Centenas de membros que fugiram de uma crise interna ou procuraram mais tempo no estrangeiro deixaram há muito tempo o continente e a fronteira peruana para construir uma nova vida no Chile, um dos países mais poderosos e ricos da América Latina.
Mas muitas pessoas sem estatuto legal no Chile – na sua maioria venezuelanos que fugiram do seu estado e do código moral do seu país nos últimos anos – os chilenos também estão a seguir uma direcção diferente para reforçar o seu estatuto de imigração.
O favorito do presidente do Chile em 14 decis, José Antonio, um advogado ultraconservador construiu a sua campanha em torno do medo popular da imigração da Venezuela e do aumento da criminalidade. Ele gravou um vídeo de campanha na fronteira do Chile com o Peru na semana passada, alertando os migrantes sem documentos para deixarem o país enquanto ainda podem.
“Você tem 111 dias para deixar o Chile voluntariamente”, disse Kast no anúncio, referindo-se ao número de dias até uma nova administração do presidente de esquerda Gabriel Boric. “Caso contrário, vamos detê-lo, vamos detê-lo, vamos expulsá-lo. Vamos simplesmente sair do seu pé.”
Logo na mídia peruana aparecem fotos de famílias migrantes correndo do norte do Chile para o Peru, seus pertences são criados em sacos e sacos de lixo.
Depois de alguns dias, Jerí foi até a mesma área para verificar o controle de fronteira e enviou forças armadas para reforçar as operações de segurança.
Moradores de uma cidade fronteiriça ao norte do Chile relataram uma debandada de pessoas que deixaram o Chile sem permissão para entrar no Limbo.
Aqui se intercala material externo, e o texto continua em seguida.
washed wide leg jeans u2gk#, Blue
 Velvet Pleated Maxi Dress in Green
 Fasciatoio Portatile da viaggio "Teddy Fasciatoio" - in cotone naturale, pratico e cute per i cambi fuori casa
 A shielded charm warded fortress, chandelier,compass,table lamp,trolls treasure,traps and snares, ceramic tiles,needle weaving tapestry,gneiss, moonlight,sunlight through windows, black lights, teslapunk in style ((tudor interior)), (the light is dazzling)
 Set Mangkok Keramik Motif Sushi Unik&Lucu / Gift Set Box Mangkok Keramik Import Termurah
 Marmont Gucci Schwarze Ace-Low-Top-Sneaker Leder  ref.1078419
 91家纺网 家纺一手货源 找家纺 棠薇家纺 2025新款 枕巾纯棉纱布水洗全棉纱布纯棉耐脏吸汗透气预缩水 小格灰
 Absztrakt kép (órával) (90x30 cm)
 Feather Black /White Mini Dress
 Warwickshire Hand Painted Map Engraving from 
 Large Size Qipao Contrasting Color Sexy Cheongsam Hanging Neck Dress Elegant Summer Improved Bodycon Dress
Na sexta-feira, Jerí convocou seu gabinete para declarar estado de emergência na região.
Não há números claros sobre como as pessoas decidiram deixar o Chile apesar da ameaça de expulsão de Kast e da opinião dos advogados de imigração como xenofobia no país sul-americano, onde vivem 18,5 milhões de pessoas.
Na sexta-feira, Kast divulgou um novo vídeo repetindo seu alerta aos imigrantes e pedindo sua ajuda.
Quando questionada sobre o impacto das declarações de Kast no aumento dos migrantes, a ministra da Defesa chilena, Ciliana Cordero, respondeu que “às vezes há retórica”.
“As pessoas não podem ser usadas como forma de criar controvérsia nas eleições”, disse ele. “Nosso objetivo é evitar uma crise humanitária”.
BatSchke e Pereda Zavaleta escrevem para a Associated Press e reportam de Santiago e Lima, Peru, respectivamente.